I have a friend who has been trying to have a baby for many, many years. I've lost track of how many courses of IUI and IVF she and her husband have undertaken. She is now 3 weeks away from turning 40 and today she underwent her final IVF treatment.
Having conceived two babies by apparently just walking past my husband, I have no concept of what it must be like to have to go through the hell they've had to endure. I cannot imagine the utter despair they must feel everytime she has a period. And I can't begin to think what's it's like watching all your friends push babies out with alarming regularity while your own family stays as a couple.
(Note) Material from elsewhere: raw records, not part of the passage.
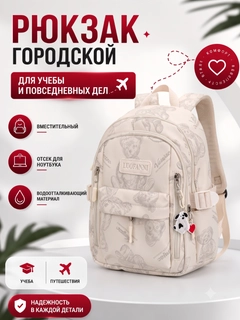 Конфетный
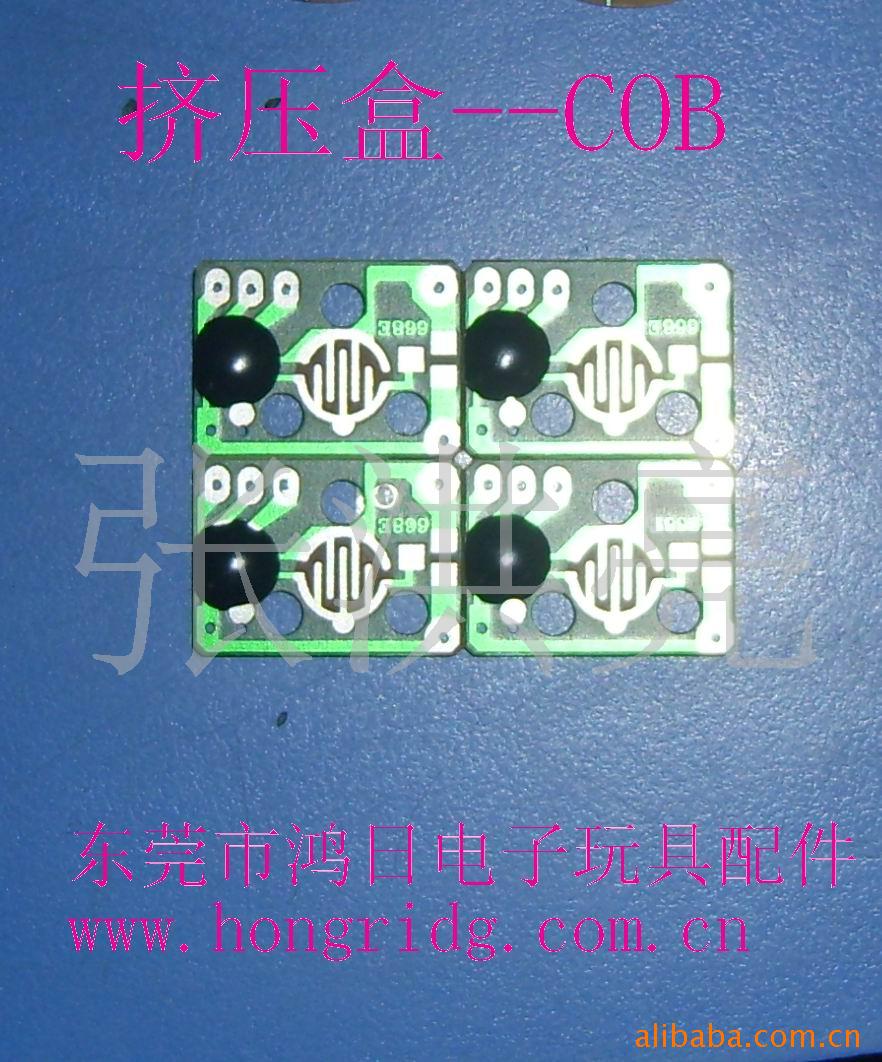 动物叫声挤压盒、PCB、音乐IC、COB(图)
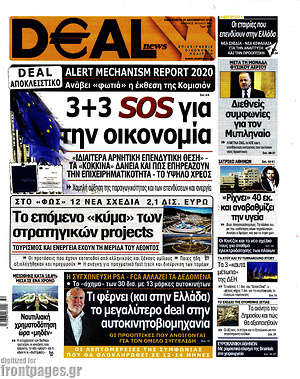 Πρωτοσέλιδο Deal News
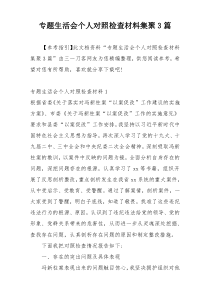 专题生活会个人对照检查材料集聚3篇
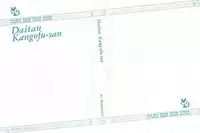 [Nakamori Ai] Daitan Kangofu-san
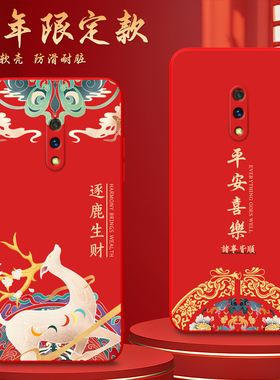 Luck·Rider适用于realmex手机壳。真我x软PCGM00直边pcgt00轻奢RMX1901纯红色rmx1901花开富贵PCGT00发财k3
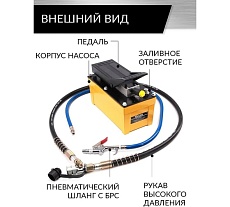 Гидравлический насос с пневмоприводом Car-tool 1.7 л CT-A3036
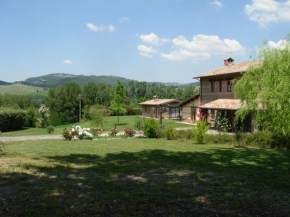 Отель Agriturismo Santa Veronica  Аккуапендете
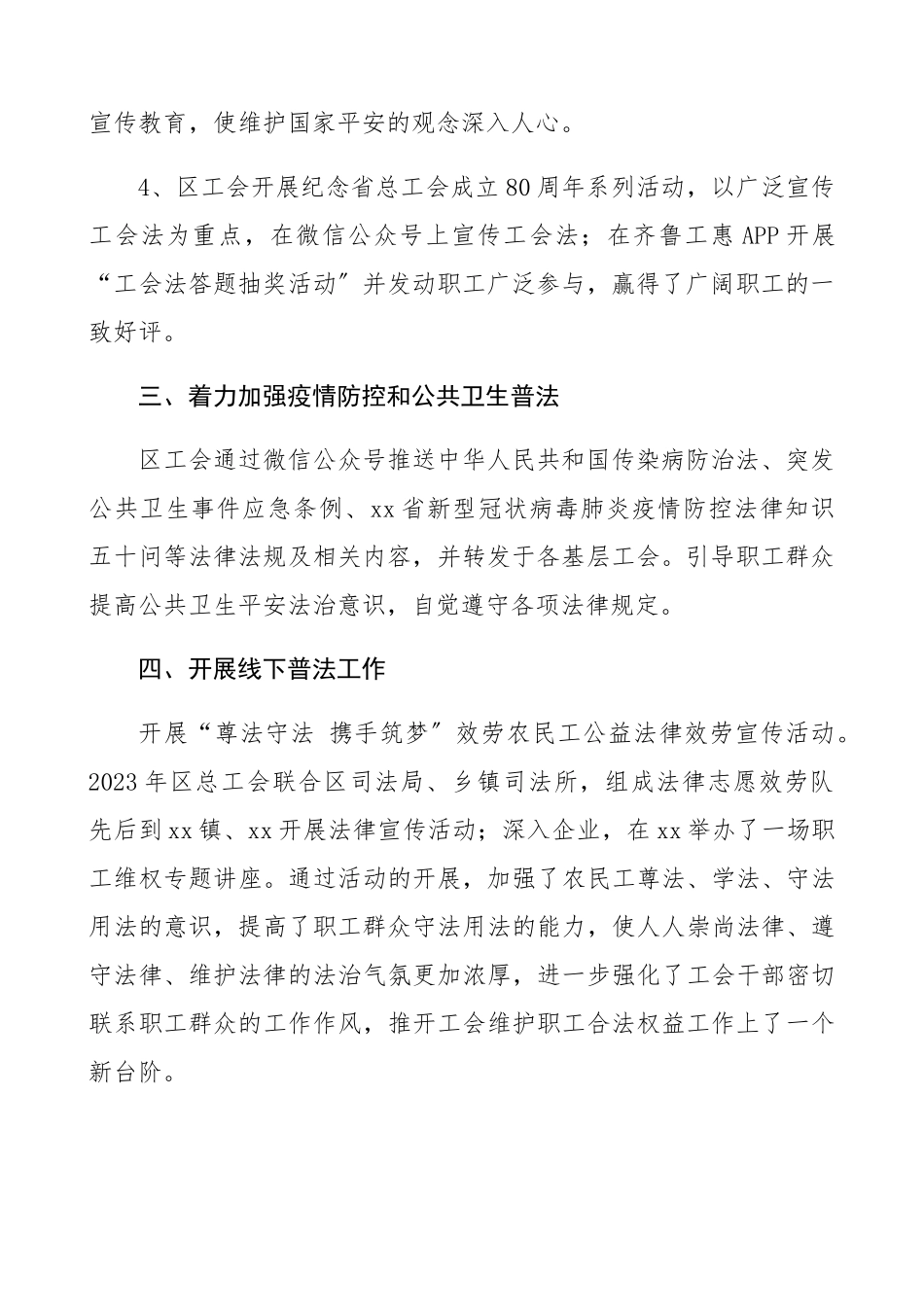 2023年区总工会“七五”普法工作总结汇报报告.docx_第2页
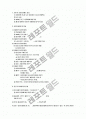 [사회복지정책론]19세기 복지 국가  동향 7페이지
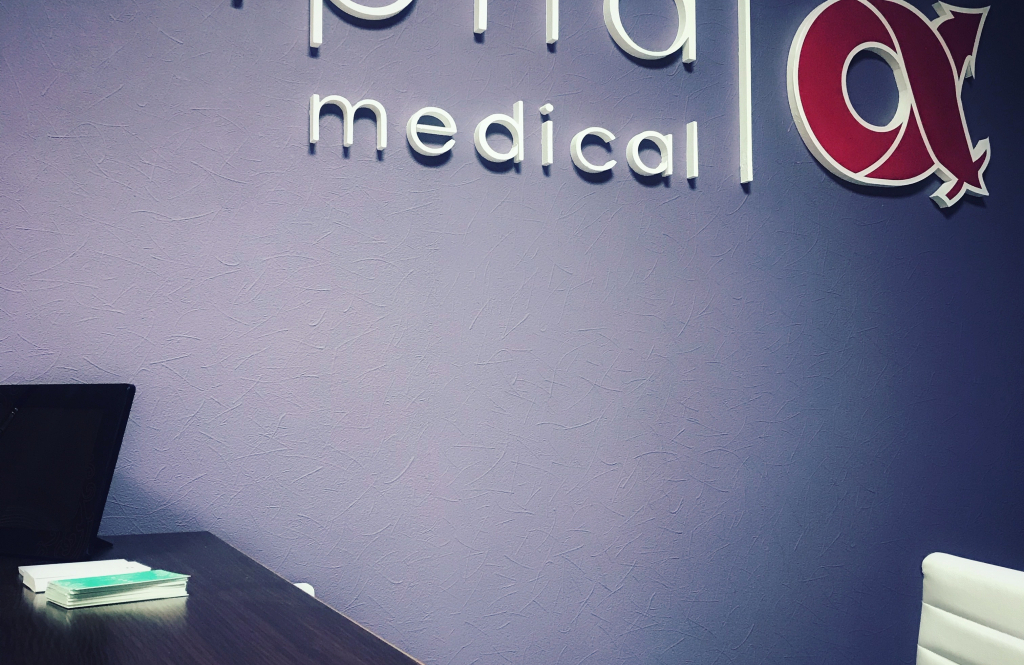 Alpha Medical (Альфа Медікал) на Незалежності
There have been many times that I've envied their exotic holidays away and long lie ins on the weekend, the freedom to do the things that they want to do, the fact that she still has fashionable, lovely clothes instead of something bought in Sainsbury's (because you don't have the time or money to go anywhere else).
I've tried to explain what impact having children has on your relationship, your social life, your body and your bank balance, all in a bid to make her feel better about her lot. But it doesn't matter how hard being a parent can be, if it's something you want to experience, not being able to experience it is cruel.
Right at this very moment, two little eggs could be doing what little eggs are meant to do. Sticking in the right place, growing and turning into babies. I am hoping with every single fibre of my being that that is exactly what is happening.
If you're of a religious persuasion, have good karmic skills or just want to send positive vibes her way, please do. No-one deserves a baby more.